The indexing load isn't particularly high, but the documents being indexed
are pretty large....many of them >1MB. Looking at my logstash indexing
machines I'd say that the docs/sec is in the realm of 200 ish? Is there a
way to see this from the ES side of things?
You can use the Indices stats APIhttp://www.elasticsearch.org/guide/reference/api/admin-indices-stats/to see the indexing rate.
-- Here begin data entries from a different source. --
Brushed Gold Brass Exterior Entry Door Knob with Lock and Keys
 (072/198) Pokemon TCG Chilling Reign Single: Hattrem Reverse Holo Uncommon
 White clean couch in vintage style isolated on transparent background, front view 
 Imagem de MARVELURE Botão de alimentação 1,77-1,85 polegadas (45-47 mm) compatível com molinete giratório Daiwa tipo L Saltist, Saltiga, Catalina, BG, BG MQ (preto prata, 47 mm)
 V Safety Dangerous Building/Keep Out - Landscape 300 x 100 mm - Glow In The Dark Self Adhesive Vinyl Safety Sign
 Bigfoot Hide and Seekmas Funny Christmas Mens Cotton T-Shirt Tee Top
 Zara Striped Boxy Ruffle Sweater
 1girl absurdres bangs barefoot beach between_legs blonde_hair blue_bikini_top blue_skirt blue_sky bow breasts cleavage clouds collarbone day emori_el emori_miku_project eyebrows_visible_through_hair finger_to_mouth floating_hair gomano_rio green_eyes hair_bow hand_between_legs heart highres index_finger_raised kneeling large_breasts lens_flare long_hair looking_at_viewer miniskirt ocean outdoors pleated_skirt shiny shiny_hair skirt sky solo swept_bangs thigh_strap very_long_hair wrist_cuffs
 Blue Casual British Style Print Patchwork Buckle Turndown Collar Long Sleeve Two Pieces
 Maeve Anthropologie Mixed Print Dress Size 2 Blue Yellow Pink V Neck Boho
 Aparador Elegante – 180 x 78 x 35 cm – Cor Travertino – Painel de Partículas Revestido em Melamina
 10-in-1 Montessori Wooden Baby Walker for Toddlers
You'll get an output that includes indexing
stats (from the viewpoint of the index, regardless of which shard/machine
it goes towards):
curl -XGET 'localhost:9200/_stats'
[...]
"indexing": {
"index_total": 3,
"index_time_in_millis": 49,
"index_current": 0,
"delete_total": 0,
"delete_time_in_millis": 0,
"delete_current": 0
},
[...]
Another place to look is the Indexing threadpool via the Cluster stats APIhttp://www.elasticsearch.org/guide/reference/api/admin-cluster-nodes-stats/- check to see if you are queuing a lot of threads:
curl -XGET 'http://localhost:9200/_nodes/stats?clear=true&thread_pool=true'
[...]
"index": {
"threads": 3,
"queue": 0,
"active": 0,
"rejected": 0,
"largest": 3,
"completed": 3
},
[...]
Plugins like Bigdesk https://github.com/lukas-vlcek/bigdesk/ and Paramedichttps://github.com/karmi/elasticsearch-paramedicare basically graphical wrappers for these APIs.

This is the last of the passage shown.